Q. When you were filming him at the house in the Bronx on Father's Day, 1999, he seemed to exude both warmth and distance. Did he keep a distance between himself and others, and did you find that to be the case with other exiles?
A. I think there is a lot of pain in exile, and, yes, there was distance. We couldn't fully understand him, even though we loved him. And, ultimately, when he went back to South Africa, he couldn't just stay in South Africa, because nearly 30 years of his life was here with us. He kept going back and forth, even though my mother moved there with him, because he was vested in both places.
But I noticed as a kid that there was a certain distance. None of us in that house could understand how he experienced living in a place that we called home, and because he had an accent, how he dealt with certain ignorance in America. Or how he dealt with the fact that he didn't have a passport, so he was considered landless—how that affected his sense of power. And then knowing what was happening at home—people were getting killed and tortured and what could he do? And when could he get back to see his family?
Q. But Lee did finally achieve his dream of becoming a broadcaster when the United Nations opened an anti-apartheid center. Can you tell me when he went to work at the UN and what he did there?
A. He was involved in different kinds of UN activities from the time he came here in the late 1960s.

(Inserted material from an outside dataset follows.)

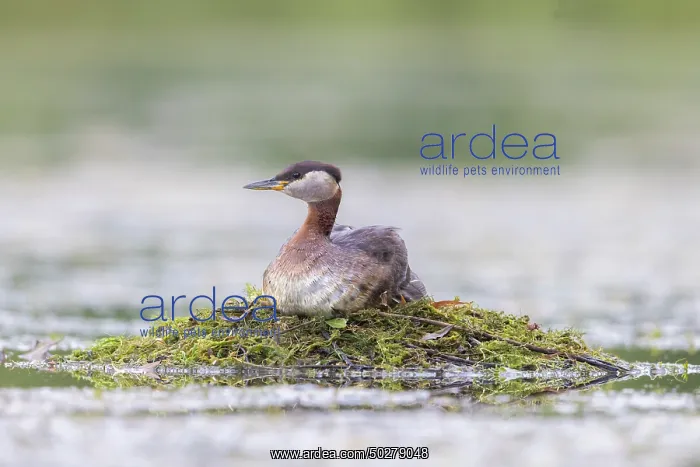: Red-necked Grebe nest : Red-necked Grebe nest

But in 1976 they opened the Center Against Apartheid, and he started working there and was hired full time in 1981. The mission of their anti-apartheid media division was to tell the people in South Africa what was happening around the world in terms of the burgeoning anti-apartheid movement. So they would collectively produce these scripts that would be translated into each of the languages of South Africa—and Lee was responsible for transcribing them and recording the Tswana version of the script. His radio show was broadcast from Botswana into South Africa.
Q. Nelson Mandela was released in 1990 and elected president in 1994. When did Lee go back to Bloemfontein to live permanently?
A. He moved there permanently in 1995. He retired from the UN with his pension and built a house in Bloemfontein.
Q. How many of the disciples from Bloemfontein survive today?
A. When I started filming there were seven. Now there are four.
Q. Lee said, "It's nice to be home, but we have a long way to go." Do you think he felt his mission was incomplete?
A. Well, it's a multi-generational struggle. He passed this vision on to me. That's one of the things I realized in going to South Africa, that I had a job to do. And that was one of the main reasons that when I went back, I didn't just make this a historical documentary. I went back and I hired all these young South African actors from Bloemfontein who didn't have any idea this story existed. And so they took this journey with me, and you have all these people now who are thinking about the next step, about what they can contribute. When these disciples got back home, they were old men. You have to pass the baton.
Q. And when will Twelve Disciples reach DVD?
A. On September 19, at the same time as the PBS airing of the film. There are two distributors for the DVD; the educational distributor is California Newsreel. And for the home video, I'm doing self-distribution through my Web site: chimpanzeeproductions.com.